Welcome

Haileyburiana is a miscellany of things I got up to as President of the Haileybury Society in 2010 - 2011 and random musings on things to do with Haileybury. Whether you are an OH, a current pupil or parent, a teacher or other friend of the school I hope you will find something interesting here. The blog is no longer regularly updated, but there may still be occasional posts.
Showing posts with label generations. Show all posts
Showing posts with label generations. Show all posts

Wednesday, June 30, 2010

The Register

Increased printing costs and the advent of computers may well have killed off the School Register. Many schools produced them, lists of former pupils listing their achievements at school together with their achievements in later life. For the collector of ephemera the older editions can be a fascinating read. Haileybury's latest register goes up to 1994 but even then concerns of cost cut out most of the interesting details of the older generations and the lengthy historical introduction - the first of which, by LS Milford, is an outstanding history of the first forty years of the life of the school. As a result the Eleventh Haileybury and ISC Register, put together with indefatigable energy by Bill Tyrwhitt-Drake (BF 1940), though full of interest for later generations, is a relatively dry volume for the older entries.
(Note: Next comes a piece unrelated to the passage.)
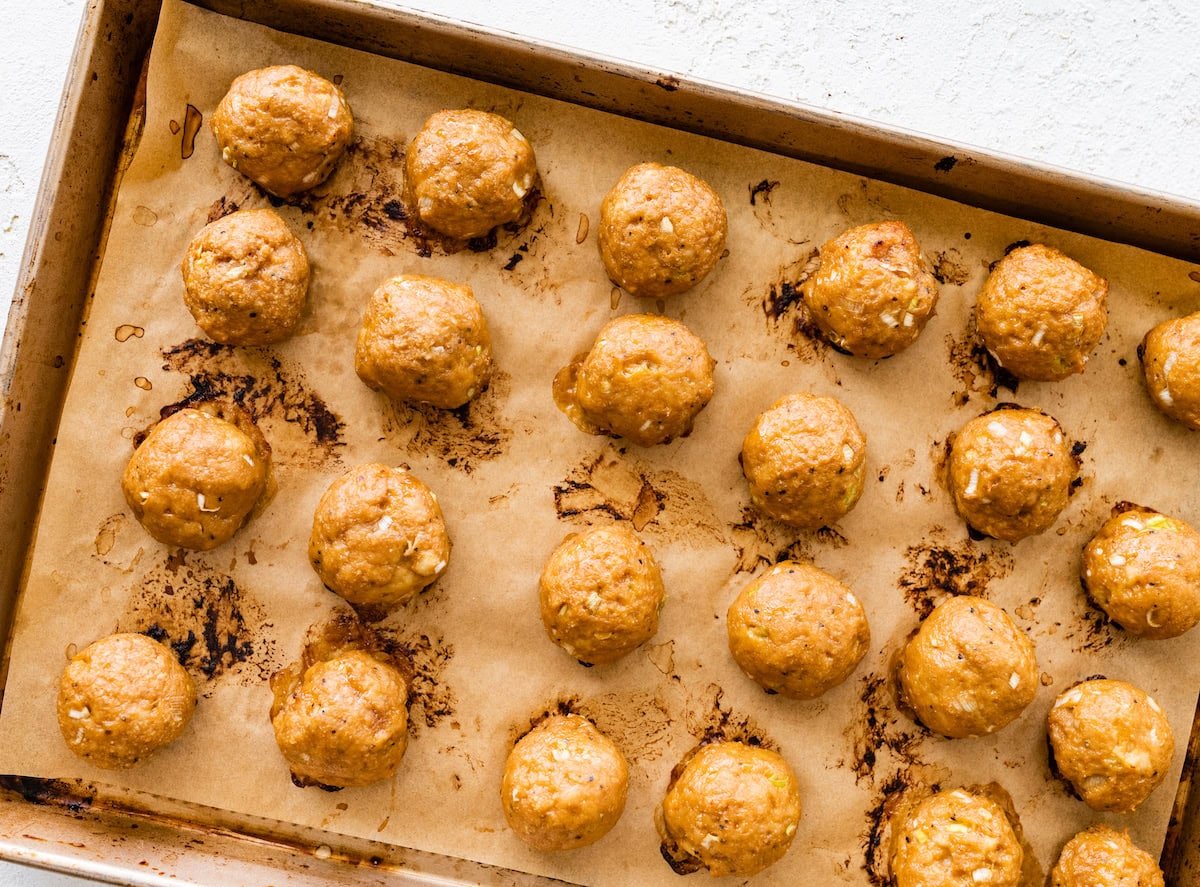 Baked chicken meatballs on a parchment-lined baking sheet.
FW Bourdillion (E 1865) was a writer and poet who came from a significant Haileybury family. He wrote a poem on Registers in a volume called Sursum Corda published in 1893. You can read the whole book online here, but this is the poem.

 A Public School Register


As birds of passage on some mid-sea isle,
From diverse lands and bound on diverse ways,
In company assembled for a while,
Then lose each other in the ocean haze:
So are we parted when are done the days
Of our brief brotherhood within this pile;
The world grows wider then; new hopes beguile;
And from new lips we look for blame or praise.
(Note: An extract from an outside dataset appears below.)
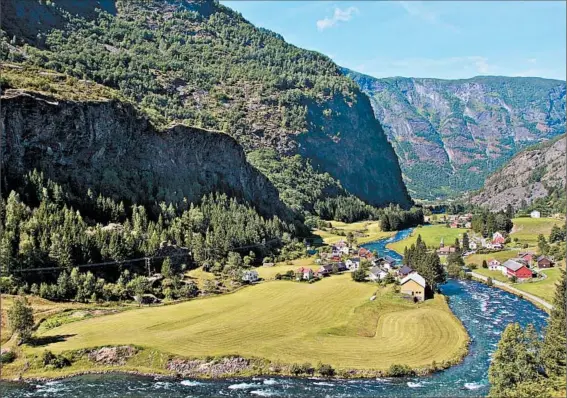  ?? LISA LUBIN/FOR TRIBUNE NEWSPAPERS ?? A view of the old village of Flam from the Flamsbana, or Flam Railway, one of the world’s steepest railways, which makes its way up the mountains to 3,000 feet above sea level.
No lifeless page is this that bears enrolled
Names once familiar, and bids reappear
Forgotten faces. One has climbed to fame
In law or letters; one proved greatly bold
In battle; one—it may be the most dear—
Just does his life's work well and is the same.


By the way, if you want a copy of the register - you know you need it - you can get one from the Society by clicking here.

Thursday, June 17, 2010

Getting Started

There is a story of a new young Master arriving to teach at Haileybury sometime in the early part of the last century. He went into breakfast and took his place at the junior end of the vast Common Room table. The man next to him lowered his paper and growled: "Mondays, Wednesdays and Fridays, I say 'Good morning' to you; Tuesdays Thursdays and Saturdays, you say 'Good morning' to me. Sundays, nobody speaks." Haileybury is so different these days: Masters are Teachers; Haileyburians are as likely to be girls as boys; there is even a move, fiercely resisted by the youngest pupils - who nowadays are just 11 - to call the San the "Health Centre."

The Haileybury Society links the generations. Those who like me are old enough to have children at the school are linked with generations who remember all too well the days when Masters had rules about morning greetings and through the Society we are linked with some who have only just arrived in Lower School - and maybe brothers and sisters yet to arrive. It is a great thing to be part of.

When I was asked if I would be willing to become President Elect of the Haileybury Society my ghast was flabbered. I resolved that if I was to take it on I would like to try and bring a couple things to the role. One is this blog. Reunions and events can be reported pretty much immediately. I have also been gathering anecdotes about the school and OHs in the hope that some of them might be of interest to the Haileybury community. Overall it would be splendid to try to link the generations through the thing which unites us all - the shared link with the place a now largely un-sung song calls "The fine old school beneath the dome."